(Beginning of Given entries)

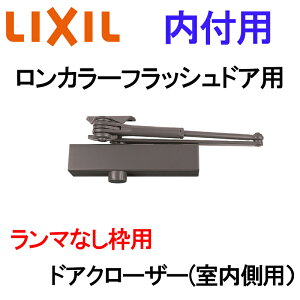 փhA }Ȃg tp J[tbVhA p hAN[U[ A~TbV ėphA  DIY tH[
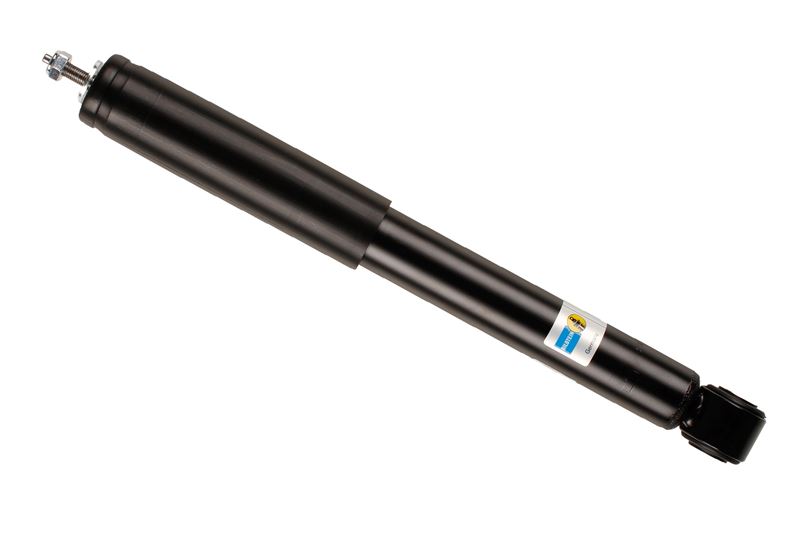BILSTEIN 19-029450 Süspansiyon Sistemi Amortisör - VOLVO 850 (854) uyumlu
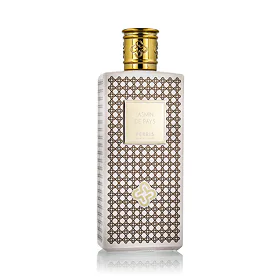 Parfémovaná voda Perris Monte Carlo Jasmin De Pays 100 ml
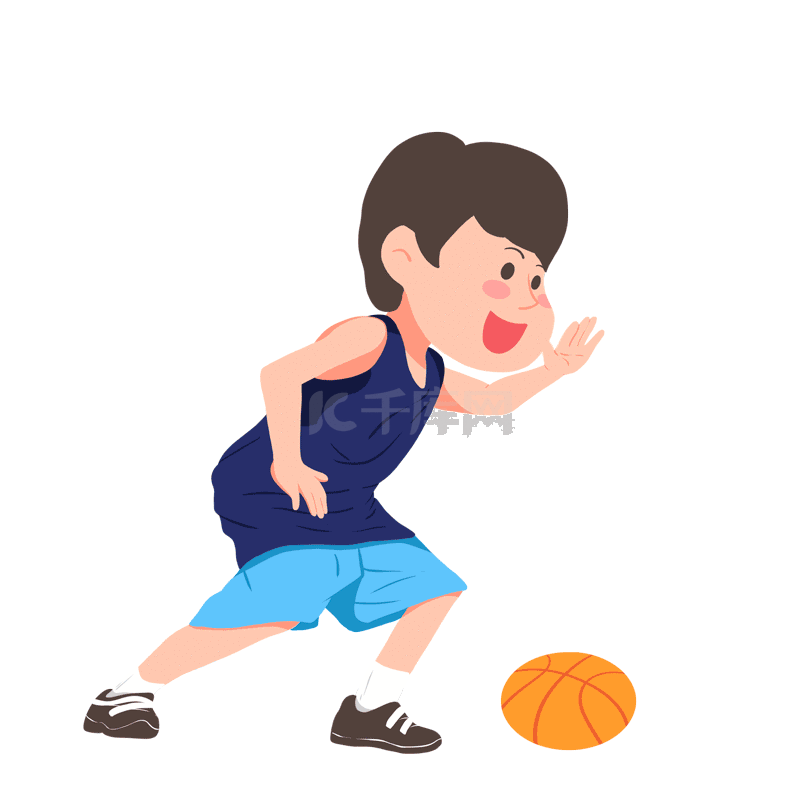 同花连张的正确打开方式：什么时候该打，什么时候该弃？（同花连张玩法指南：何时进攻，何时弃牌）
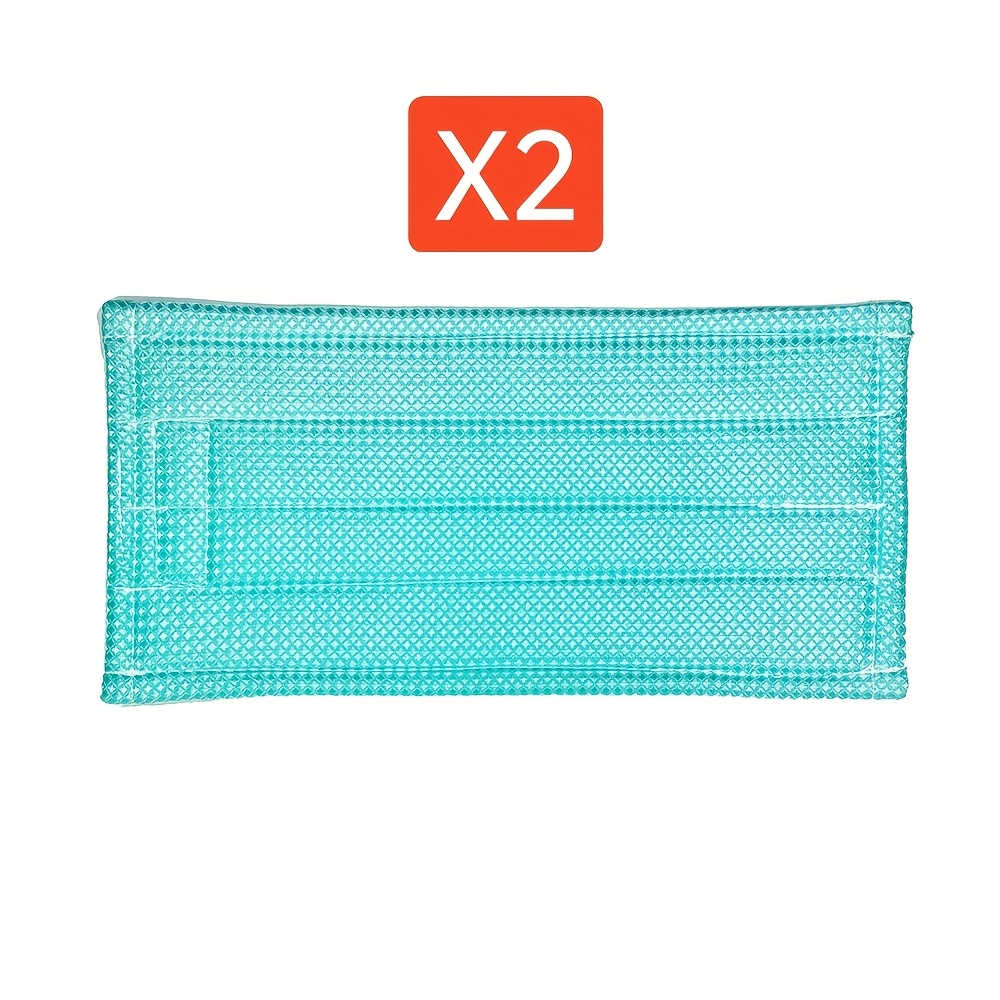 Kobold Sp7, Sp600 And Spb100 Cleaning Cloths Are Compatible With Vorwerk Vacuum Cleaner Accessories From Germany
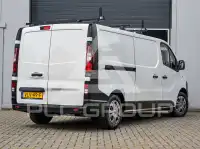 2018 Fiat Talento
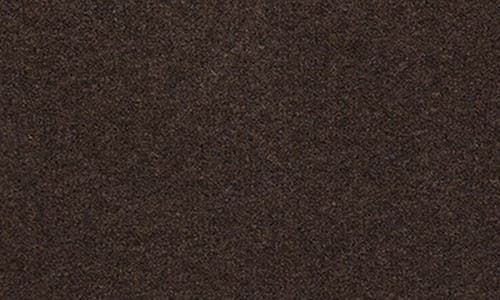 Mango Turtleneck Sweater In Brown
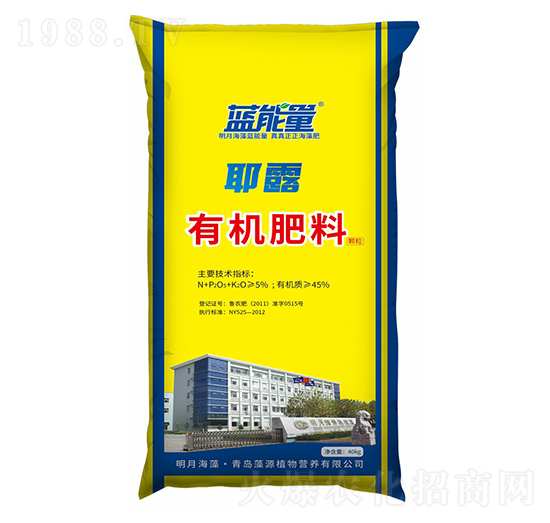 Ү¶�ЙC����-�{����-��Դֲ��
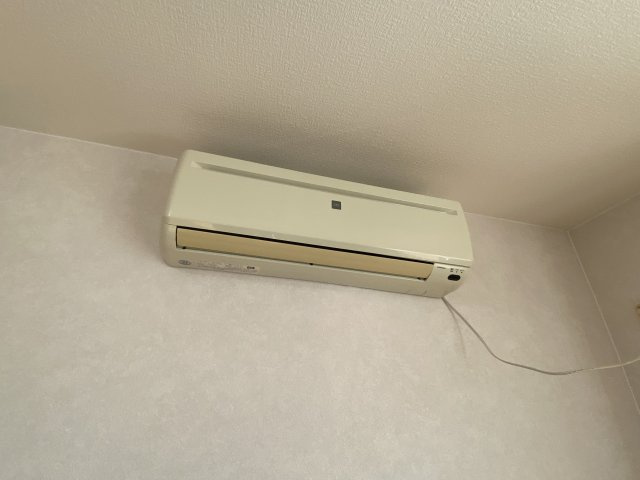 プリオール公園南【設備】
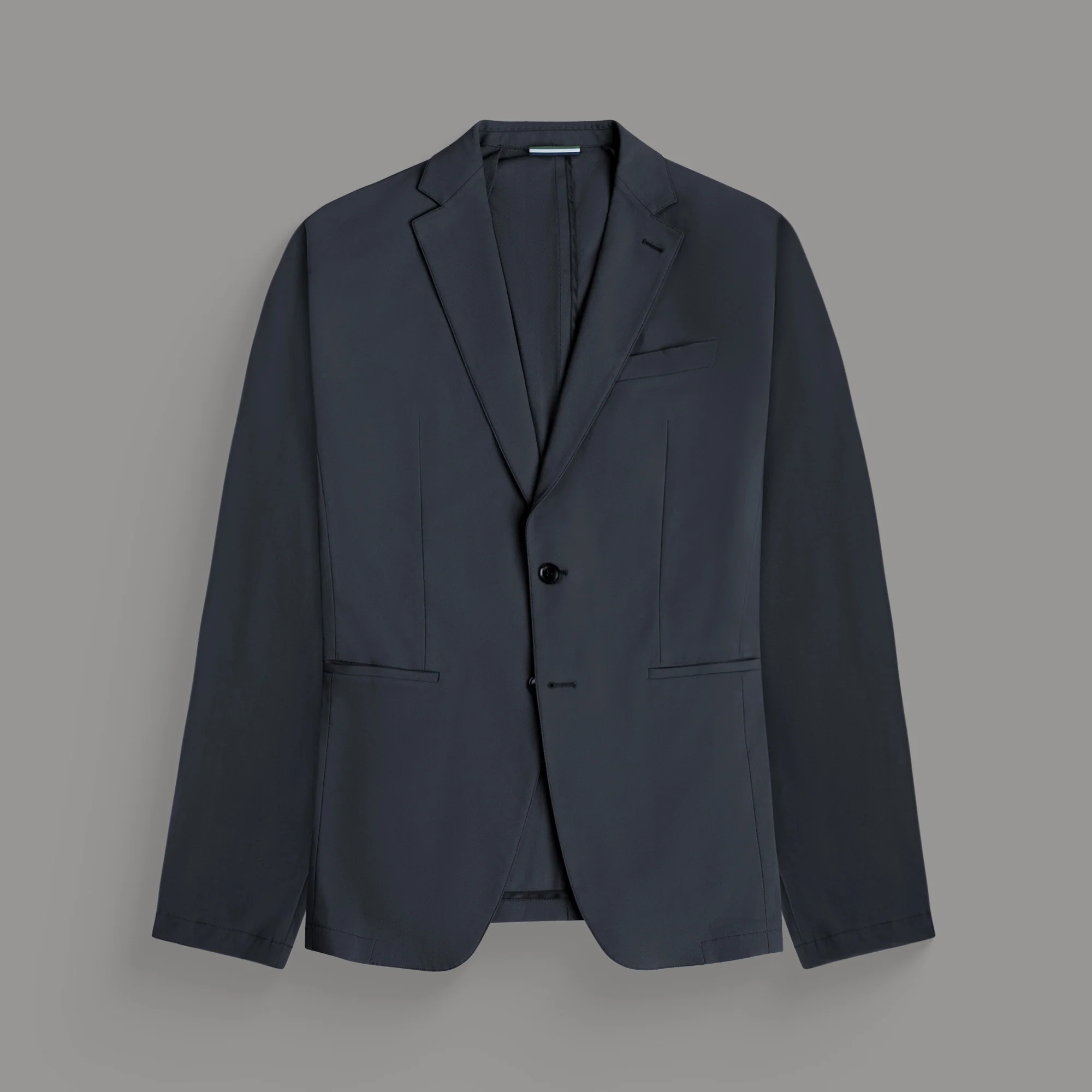 Soho FlexTech Blazer (Unlined) - Image 47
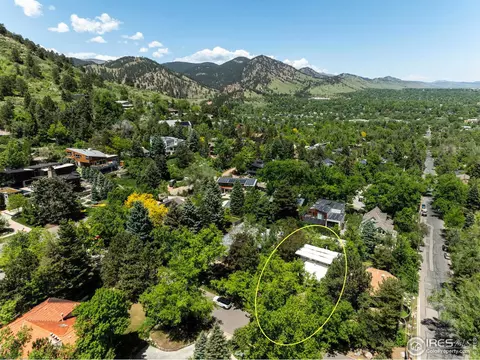 575 Euclid Ave, Boulder, CO 80302 photo 22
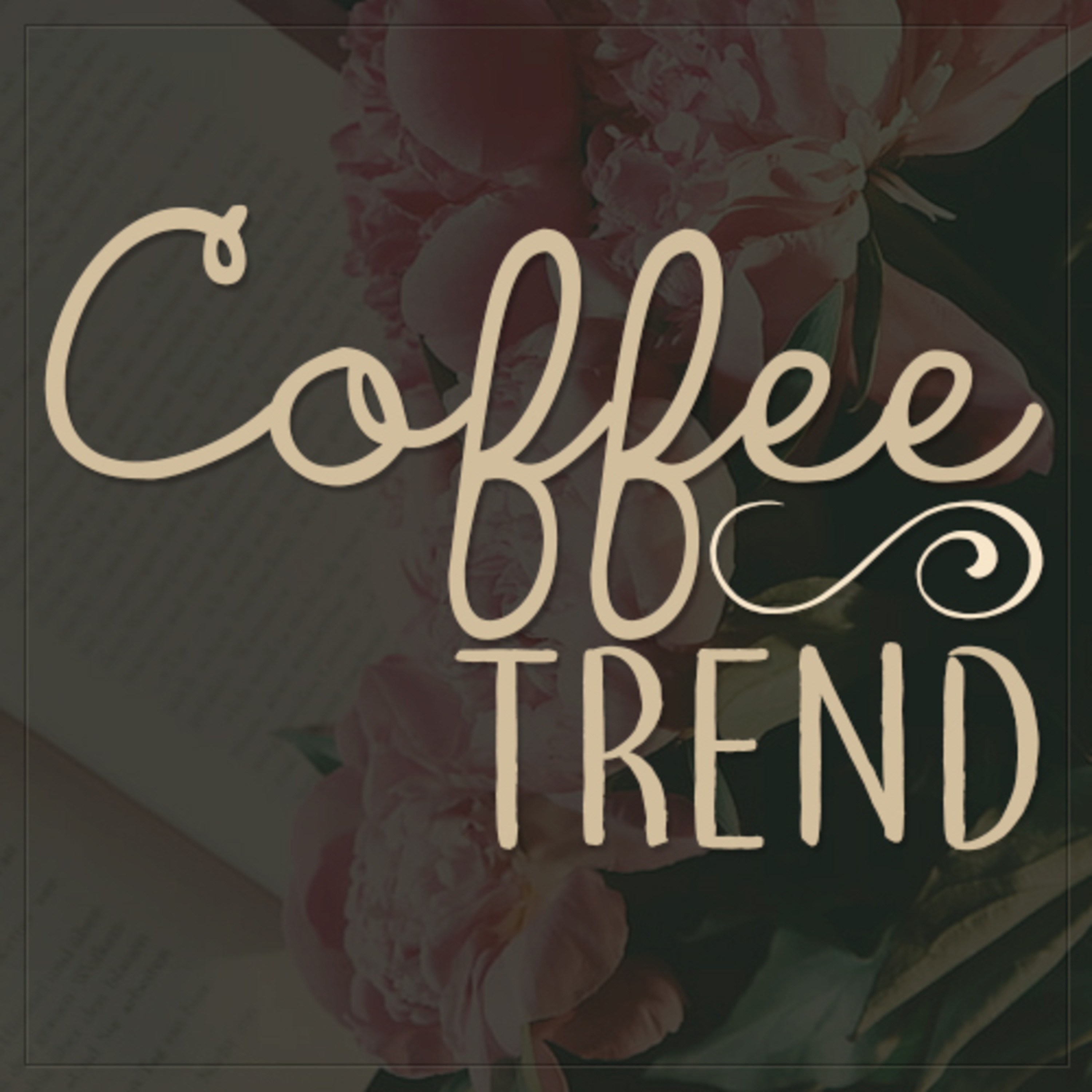 COFFEE_TREND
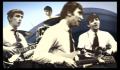 Pantallazo nº 181104 de The Beatles: Rock Band (1280 x 720)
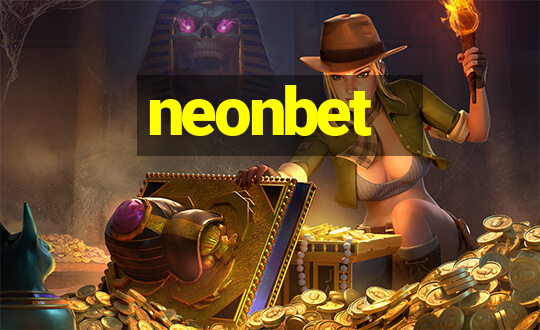 neonbet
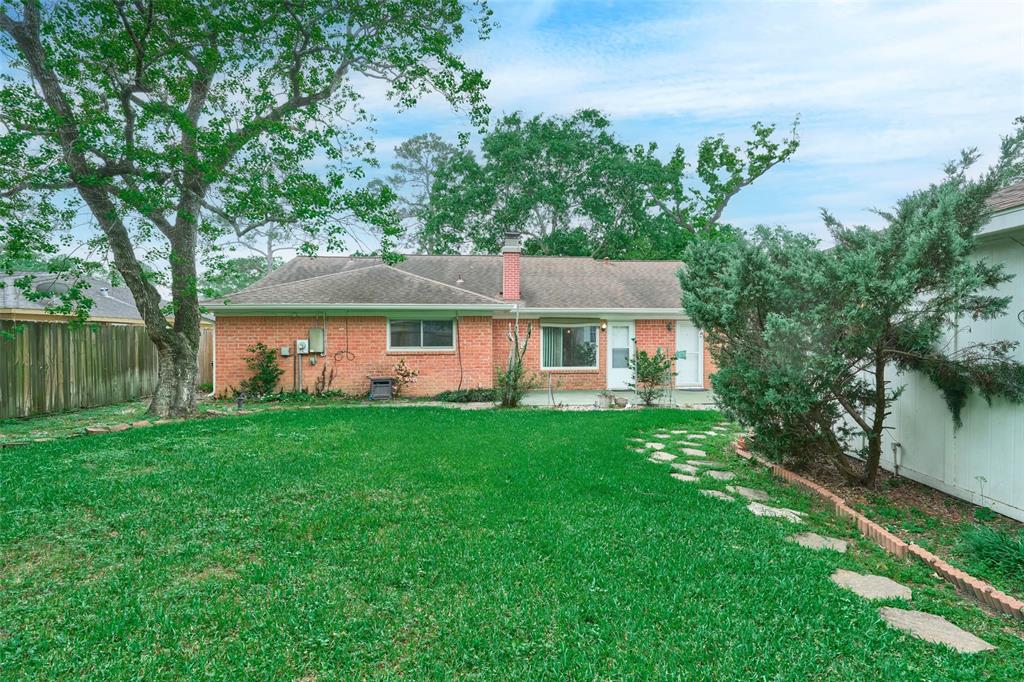 23230 Earlmist Drive, Spring, Texas image 24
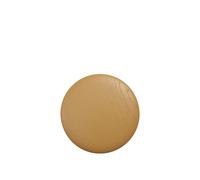 Muuto Patère Dots Wood - Burnt Orange - M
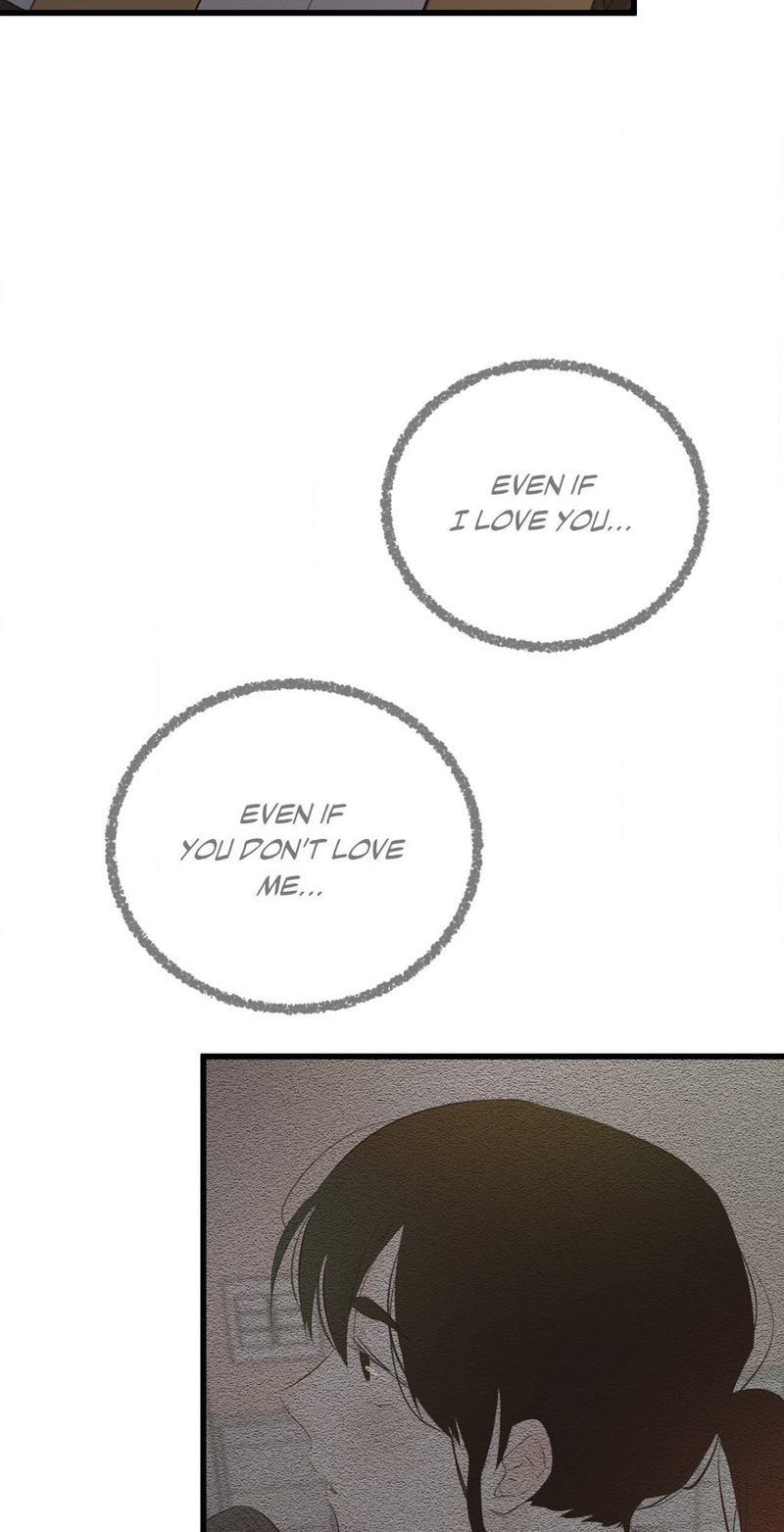 Where the Heart Is Chap Chapter 51-Where the Heart Is - Next Chap 52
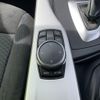 bmw 3-series 2016 NIKYO_NL24735 image 15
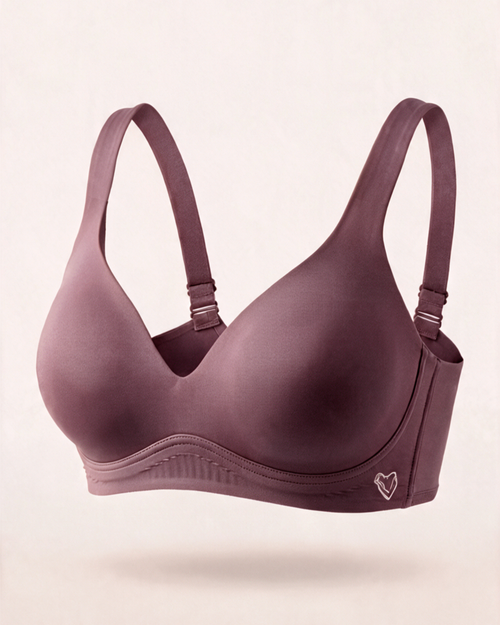 All Day Jelly Bra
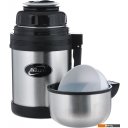 Термосы, термокружки BIOSTAL NG-800-1 Stainless Steel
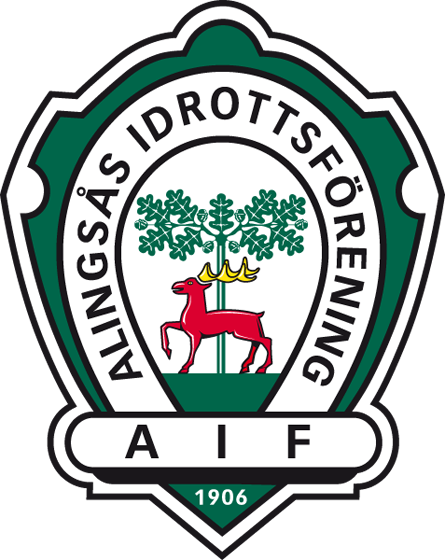 Alingsås IF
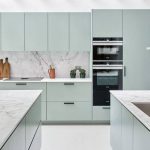 طراحی و اجرای کابینت آتا دکور در اسلامشهر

(End of Given entries)

What you will do:
Your answer should reproduce every line of the data verbatim and include no images.

Solution for this problem:
 փhA }Ȃg tp J[tbVhA p hAN[U[ A~TbV ėphA  DIY tH[
BILSTEIN 19-029450 Süspansiyon Sistemi Amortisör - VOLVO 850 (854) uyumlu
 Parfémovaná voda Perris Monte Carlo Jasmin De Pays 100 ml
 同花连张的正确打开方式：什么时候该打，什么时候该弃？（同花连张玩法指南：何时进攻，何时弃牌）
 Kobold Sp7, Sp600 And Spb100 Cleaning Cloths Are Compatible With Vorwerk Vacuum Cleaner Accessories From Germany
 2018 Fiat Talento
 Mango Turtleneck Sweater In Brown
 Ү¶�ЙC����-�{����-��Դֲ��
 プリオール公園南【設備】
 Soho FlexTech Blazer (Unlined) - Image 47
 575 Euclid Ave, Boulder, CO 80302 photo 22
 COFFEE_TREND
 Pantallazo nº 181104 de The Beatles: Rock Band (1280 x 720)
 neonbet
 23230 Earlmist Drive, Spring, Texas image 24
 Muuto Patère Dots Wood - Burnt Orange - M
 Where the Heart Is Chap Chapter 51-Where the Heart Is - Next Chap 52
 bmw 3-series 2016 NIKYO_NL24735 image 15
 All Day Jelly Bra
 Термосы, термокружки BIOSTAL NG-800-1 Stainless Steel
 Alingsås IF
 طراحی و اجرای کابینت آتا دکور در اسلامشهر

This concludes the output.